Publié le Samedi 14 janvier 2012 à 22h24.

Hongrie : nouveau laboratoire social

Des voix s’élèvent – dans les rues de Hongrie et dans les institutions de l’UE – contre la Loi fondamentale que le gouvernement ultra-nationaliste d’Orban vient de mettre en vigueur. Mais nous dénonçons une seule et même politique antisociale et antidémocratique, qu’elle soit menée par le capital transnational ou avec le label hongrois ; nous le faisons avec ceux qui, en Hongrie, ont pu voter pour l’adhésion de leur pays à l’UE en espérant (à tort) que cela les protégerait de la montée d’une extrême droite raciste, antisémite, affichant ouvertement des sigles nazis. 

La Hongrie a été le premier pays de l’UE (membre depuis 2004), à avoir recours aux prêts du FMI (20 milliards d’euros en octobre 2008) assortis de conditions drastiques : gel des salaires, recul de l’âge de départ en retraite à 65 ans pour les hommes et les femmes, chasse systématisée aux pauvres pour réduire ou supprimer les aides sociales, suppression massive d’emplois publics, etc.

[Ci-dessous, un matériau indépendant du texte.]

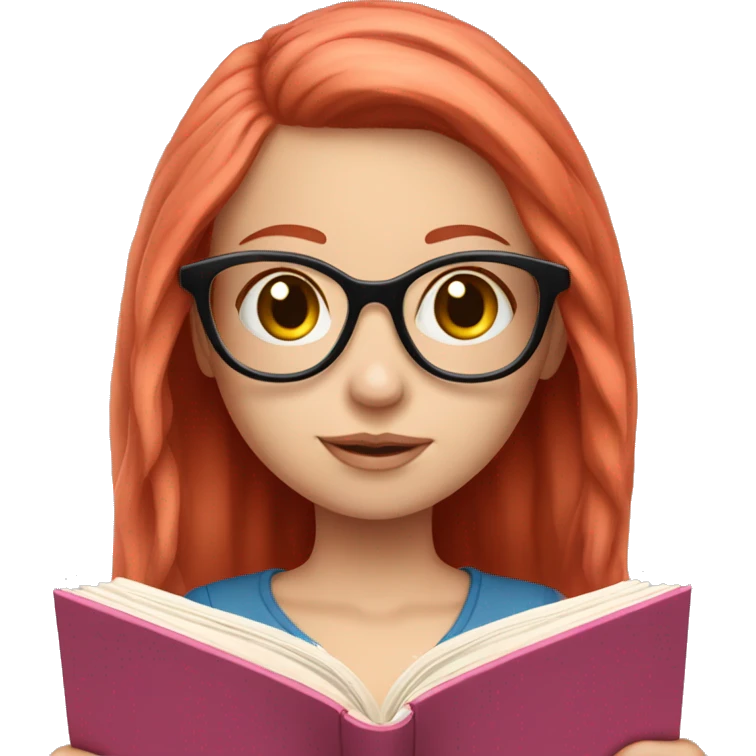 Pale girl with red hair and glasses reading a book she’s got a cute pink outfit emoji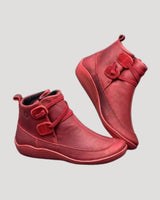 Jasmin | Damen Frühjahrs Lässige Knöchelriemen Stiefel in Rot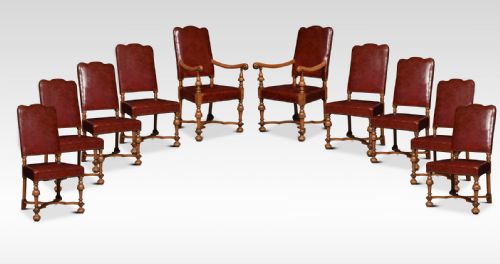 Set of Ten Walnut High Back Dining Chairs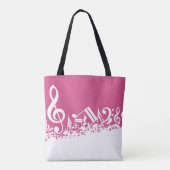 Muzieknotities warm roze en wit tote bag (Achterkant)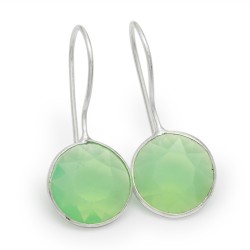 Brass Silver Plated Green Glass Glass Gemstone Dangle Earrings- CDE-3397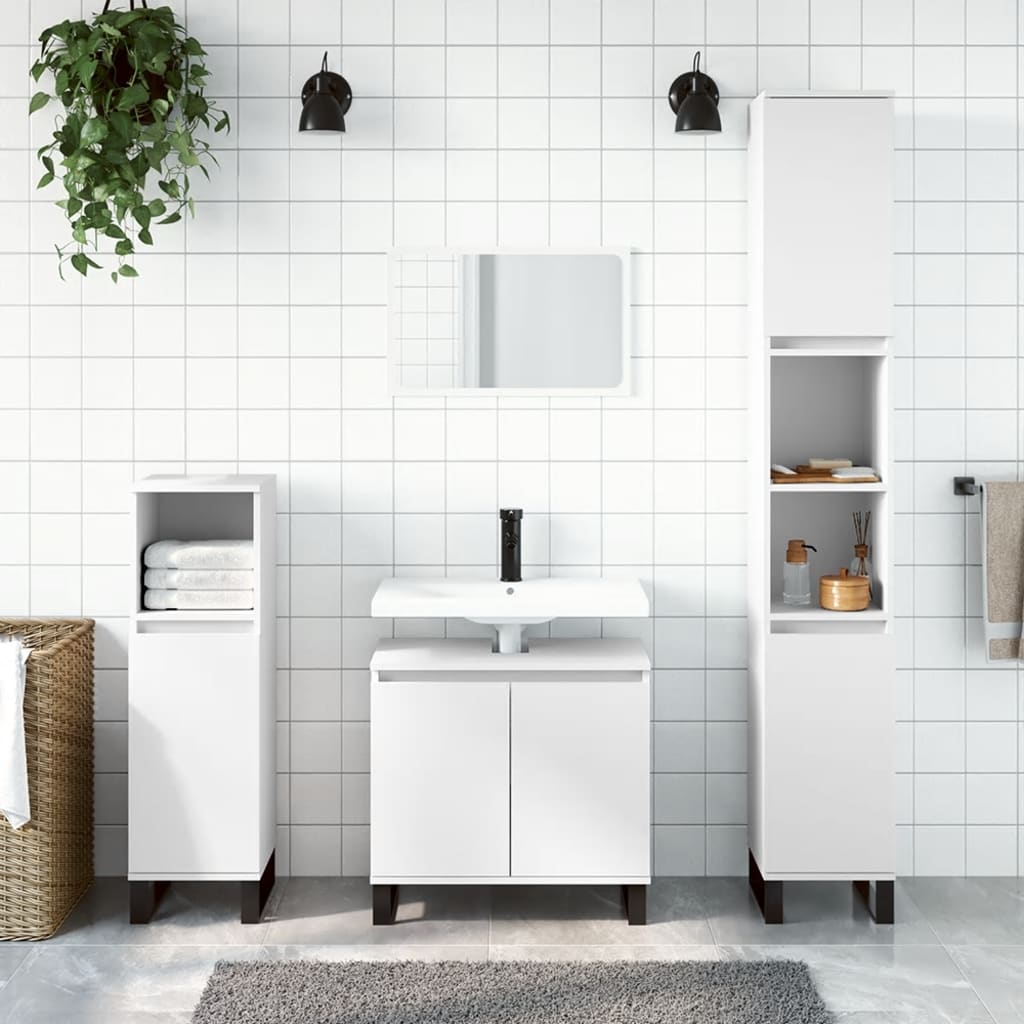 3-delige Badkamerkastenset bewerkt hout wit is nu te koop bij PeponiXL, paradijselijk wonen!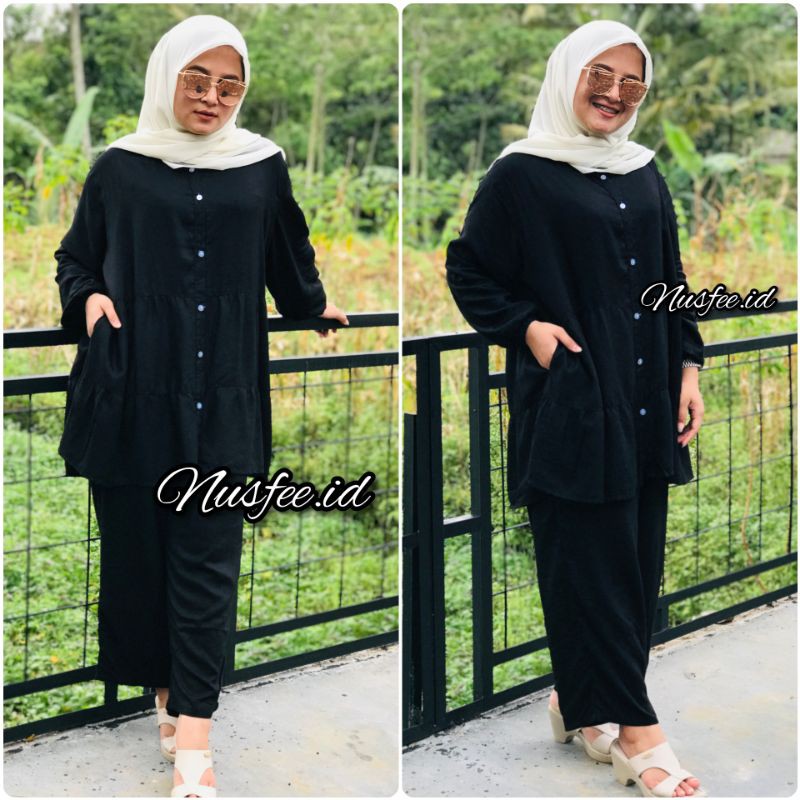 One set lilac rayon viscose set polos jumbo XXL/Set rayon polos LD 120cm / pajamas polos Army Hitam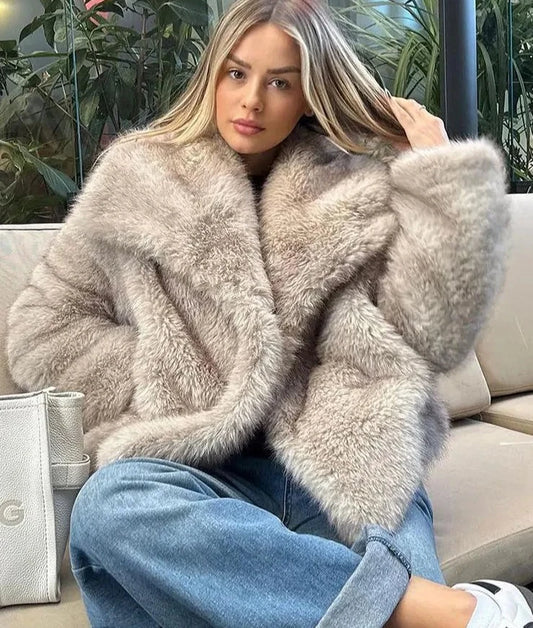 Faux Fur Jacket For Women Elegant Solid Lapel Long Sleeve Coat Winter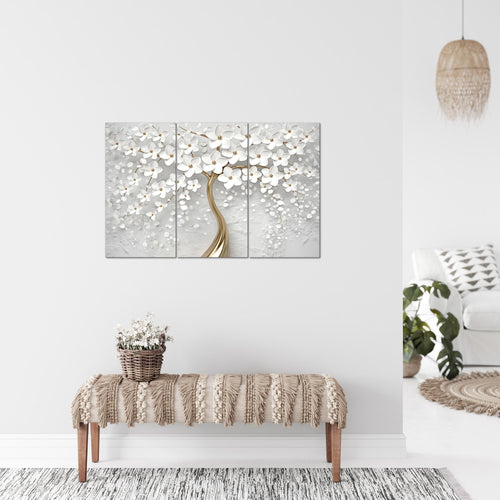 Runa Art Wandbilder Blumen Bild XXL Wohnzimmer Schlafzimmer Weiss Gold Abstrakt Baum 120 x 80 cm 3 Teilig 039731a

Aujourd’hui, la dette publique hongroise dépasse les 83 % de son PIB, en partie parce que, sous étiquette socialiste, les préceptes néolibéraux ont été appliqués pour attirer les capitaux privés, alors que les résistances sociales ont empêché plusieurs années durant la privatisation notamment des services de santé. Et ses besoins de financement à court terme sont considérables (il lui faut trouver entre 15 et 20 milliards d’euros en devises au plus vite). C’est tout l’enjeu d’un nouvel accord en cours avec le FMI.

La purge qu’a déjà connue la population ne suffit pas. Avec la Loi fondamentale adoptée en avril 2011 et qui s’applique depuis le 1er janvier, les maigres acquis sociaux qui subsistent vont disparaître : poursuite des privatisations des services publics (notamment des écoles), fin de la progressivité de l’impôt avec un taux unique à 16 % sur les revenus, TVA qui passe de 25 à 27 % sur les produits de première nécessité, augmentation des taxes sur l’essence, le tabac et l’alcool, instauration de la mise à pied sans justification dans le secteur public, refonte du régime des retraites, instauration d’une « règle d’or » sur les déficits publics, etc. Mais ce n’est pas contre cette politique sociale que protestent les institutions européennes ! Les étiquettes sont brouillées, parce que les mêmes politiques se mènent dans le cadre d’alternances sans alternatives.

La majorité qui a amené Orban et le Fidesz (coalition de centre droit) au pouvoir en 2010 est aussi fragile que celle de l’adhésion à l’UE (adoptée à 80 % par référendum en 2003 mais avec une participation inférieure à 45 %).

Les manifestations considérables réagissant en partie à ces plans d’austérité (plus de 100 000 personnes à Budapest le 4 janvier) font penser à celles du peuple grec en lutte contre la Troïka. Mais elles se dressent aussi contre une loi qui verrouille les procédures d’alternance démocratique et prônent un droit du sang (vote des Hongrois). En l’absence d’alternative politique (le principal parti d’opposition, le Parti socialiste de Gyurcsany est pro-UE et adepte des « potions » du FMI alors qu’Orban est lui-même vice-président du PPE). Tout reste à construire en Hongrie.

Un mouvement des IndignéEs a vu le jour fin 2011. De la place Syntagma d’Athènes à l’avenue Andrassy de Budapest en passant par la Puerta del Sol de Madrid et les quartiers populaires de Londres, un même mot d’ordre monte en Europe : « qu’ils s’en aillent tous ! »

Le nouveau laboratoire social de l’Union européenne qu’est la Hongrie d’aujourd’hui rend d’autant plus urgente la construction de mobilisations européennes contre la dette et les plans d’austérité, dont les périphéries de l’Est et du Sud de l’UE sont les premières à pâtir.